We flew north that year instead of riding the rails, but it still felt like a train wreck. Meanwhile, Kerwin McCaslin, who was the Titans’ GM, got on the phone and found us a catcher to start the season with: William Blakely, soon to be known as Blockade Billy. I can’t remember now if he came from Double or Triple A, but you could look it up on your computer, I guess, because I
do
know the name of the team he came from: the Davenport Cornhuskers. A few players came up from there during my seven years with the Titans, and the regulars would always ask how things were down there playing for the Cornholers. Or sometimes they’d call them the Cocksuckers. Baseball humor is not what you’d call sophisticated.

We opened against the Red Sox that year. Middle of April. Baseball started later back then, and played a saner schedule. I got to the park early that day—before God got out of bed, actually—and there was a young man sitting on the bumper of an old Ford truck in the players’ lot. Iowa license plate dangling on chickenwire from the back bumper. Nick the guard let him in when the kid showed him his letter from the front office and his driver’s license.

“You must be Bill Blakely,” I said, shaking his hand. “Good to know you.”

“Good to know you too,” he said. “I brought my gear, but it’s pretty beat-up.”

“Oh, I think we can take care of you there, partner,” I said, letting go of his hand. He had a Band-Aid wrapped around his second finger, just below the middle knuckle. “Cut yourself shaving?” I asked, pointing to it.

“Yup, cut myself shaving,” he says. I couldn’t tell if that was his way of showing he got my little joke, or if he was so worried about fucking up he thought he ought to agree with everything anyone said, at least to begin with.
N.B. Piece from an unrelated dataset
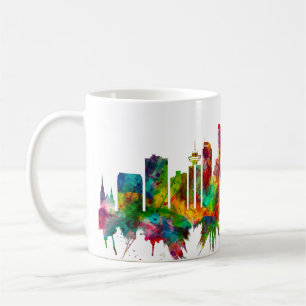 Taza De Café Skyline de Vancouver Canada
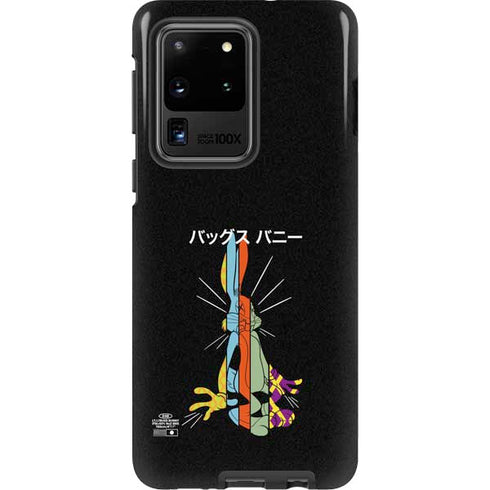 Looney Tunes Bugs Bunny Sliced Juxtapose Galaxy S20 Ultra 5G Pro Case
Later on I realized it was neither of those things; he just had a habit of echoing back what you said to him. I got used to it, even sort of got to like it.

“Are you the manager?” he asked. “Mr. DiPunno?”

“No,” I said, “I’m George Grantham. Granny to you. I coach third base. I’m also the equipment manager.” Which was the truth; I did both jobs. Told you the game was smaller then. “I’ll get you fixed up, don’t worry. All new gear.”